Described step 1) in, construction parameter comprises sand amount, sand ratio, broken pressure and discharge capacity; Log parameter comprises: hole diameter CAL, natural gamma relative value Δ GR, spontaneous potential SP, volume density log value DEN, neutron porosity log value CNL, compressional wave time difference log value AC and deep resistivity log value R _t; Derivative parameter comprises: sandstone gross thickness H, sandstone net thickness H _e, net porosity effective permeability K, oil phase effective permeability K _o, water saturation S _w, producing water ratio F _w, three porosity factor TPI, reservoir quality factor RQI, the volume of voids factor thickness factor H _e/ H, resistance enhancement factor the lithology factor saturation degree factor Δ R _t× Δ AC, two differential divisors and lg|dR _t/ dS _w|.

Described step 2) in, the extracting method of character subset is: to think poorly of permeable reservoir strata production capacity for target, the analysis result of incorporating parametric susceptibility and the physical meaning of each parameter, carry out permutation and combination to parameter, forms the character subset thinking poorly of permeable reservoir strata production capacity.

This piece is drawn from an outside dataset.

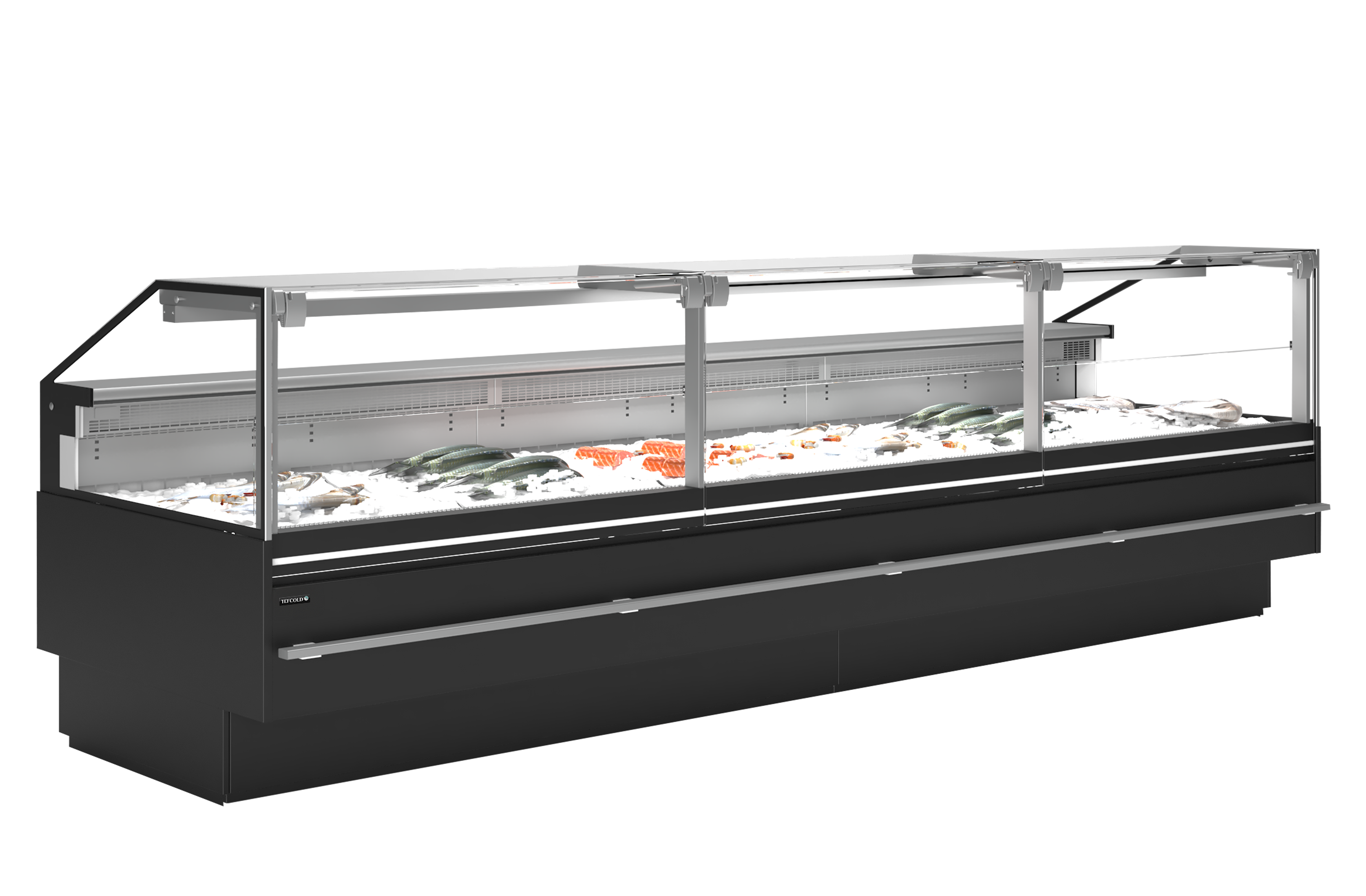 Vitrine Refrigerada para Peixe Fresco 550L SOCA-F37590B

Described step 3) in, sorted generalization algorithm comprises decision tree, support vector machine, Bayesian network and artificial neural network.

Described step 4) in, multi-solution refers to whether low permeability reservoir evaluating production capacity model only provides unique solution to low permeability reservoir production capacity; Completeness refers to whether low permeability reservoir evaluating production capacity model can cover the different production capacity ranks of low permeability reservoir completely, and all can provide optimum production capacity rank to each class low permeability reservoir; Practicality refers to whether formed low permeability reservoir evaluating production capacity model can predict the production capacity rank of low permeability reservoir effectively; Accuracy rate refers to whether the precision of built low permeability reservoir evaluating production capacity model reaches the precision of Accurate Prediction low permeability reservoir production capacity.

The present invention is owing to taking above technical scheme, it has the following advantages: 1, the present invention fully excavates and the information merging low permeability reservoir each side carrys out the production capacity of quantitative evaluation low permeability reservoir, avoid carrying out other a large amount of core experiments, can be effectively cost-saving, there is stronger economy.2, when Darcy's law and fur coat formula accurately can not calculate low permeability reservoir production capacity, the invention provides the method for a set of energy accurate evaluation low permeability reservoir production capacity, and effectively can ensure the accuracy of low permeability reservoir production capacity quantitative evaluation result.The present invention can extensively Oil & Gas Productivity field of engineering technology application.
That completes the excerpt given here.